Also ironic how Verizon refuses to sell unlocked android phones and ruins their updates yet allows Apple to sell a completely unlocked iPhone 5.

Sent from my Galaxy Nexus using Tapatalk 2


----------



## yarly (Jun 22, 2011)

Apple updates actually go through their market and itunes, which is how they circumvent the carrier. Doesn't really matter for nexus though. only thing Verizon provides now is the radio firmware and that isn't something Google can provide. Binaries for building are from Google and released at the same time for all nexus phones.

only people left out are those that don't unlock the bootloader and that percent doesn't matter on a modding forum.


----------



## Bryanjg0275 (Jul 10, 2012)

yarly said:


> Apple updates actually go through their market and itunes, which is how they circumvent the carrier.


Nexus updates come from Google yet Verizon somehow managed to take control of that.

Sent from my Galaxy Nexus using Tapatalk 2


----------



## yarly (Jun 22, 2011)

Bryanjg0275 said:


> Nexus updates come from Google yet Verizon somehow managed to take control of that.
> 
> Sent from my Galaxy Nexus using Tapatalk 2


orly?


----------



## Bryanjg0275 (Jul 10, 2012)

yarly said:


> Apple updates actually go through their market and itunes, which is how they circumvent the carrier. Doesn't really matter for nexus though. only thing Verizon provides now is the radio firmware and that isn't something Google can provide. Binaries for building are from Google and released at the same time for all nexus phones.
> 
> only people left out are those that don't unlock the bootloader and that percent doesn't matter on a modding forum.


That percentage matters for most as the unlocking/rooting community is a small minority. Letting OEMS control android with their ridiculous skins and carriers control the update process is what's holding android back imo. If the rumors of 4.2 having a stock mode with the option for OEM skins as a secondary is true that is a great improvement to pushing out timely updates.

Then again the constant stream of incremental android devices released rendering your device obsolete after a few months hurts as well.

Imagine if you bought a car and 3 months later they came out with a new ones with slight upgrades at the same price. Most people would be ticked.

Sent from my Galaxy Nexus using Tapatalk 2


----------



## Bryanjg0275 (Jul 10, 2012)

Also beliefs carriers should adapt and change the 2 year contract/upgrade nonsense. Tech evolves too fast now to sit on an obsolete device for 2 years.

Sent from my Galaxy Nexus using Tapatalk 2


----------



## Cloud Nine (May 19, 2012)

Bryanjg0275 said:


> Also beliefs carriers should adapt and change the 2 year contract/upgrade nonsense.

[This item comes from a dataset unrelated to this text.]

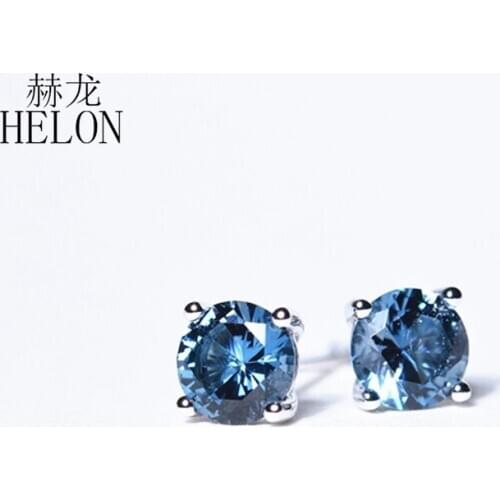 HELON Solid 14K White Gold AU585 5mm round 100% Genuine London Blue Topaz/Amethyst/Blue Topaz/Citrine gem stud Earrings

Tech evolves too fast now to sit on an obsolete device for 2 years.
> 
> Sent from my Galaxy Nexus using Tapatalk 2


I think that's the point though. They figure you're so tired of your old phone while everyone's getting something new, you'll rush to their stores looking, and then they lock you in for another 2 years only to repeat the process


----------



## Mustang302LX (Jun 28, 2011)

Bryanjg0275 said:


> From what I've read the reason they are doing this is to keep the cost down. $350 for an unsubsizied phone is damn good.


I guarantee you doubling the storage to 32GB wouldn't cost them a whole lot more and could still sell it for cheap and more people would be interested. Some people may be able to live with 16GB max but with games, pics, videos and music all getting larger in size as tech evolves no thanks on being pushed back to low storage like the past days. If I take pics or videos of my 2 little girls and want to show someone I don't want to say hey wait while I stream them because my phone can't store enough stuff on it.


----------



## reidoreilly (Oct 29, 2011)

Bryanjg0275 said:


> From what I've read the reason they are doing this is to keep the cost down. $350 for an unsubsizied phone is damn good.
> 
> I think we can safely assume if Google wants to retain control of the nexus program then carriers will continue to not want to offer them at subsidized process. Id rather buy an affordable cutting edge phone off contract any day.


the problem with that is a 16gb or 32gb chip/s doesn't cost $100's more, the cost of actually putting a 32gb chip in their would be quite small compared to the overall price of the phone.


----------



## Bryanjg0275 (Jul 10, 2012)

reidoreilly said:


> the problem with that is a 16gb or 32gb chip/s doesn't cost $100's more, the cost of actually putting a 32gb chip in their would be quite small compared to the overall price of the phone.


Really? I suppose that's why every manufacturer increases the price at least $50 per incremental jump in storage space.

Sent from my Galaxy Nexus using Tapatalk 2


----------



## Bryanjg0275 (Jul 10, 2012)

And it takes 2 seconds to load dropbox to "stream" photos. Which on your quad core lte phone doesn't seem all that long.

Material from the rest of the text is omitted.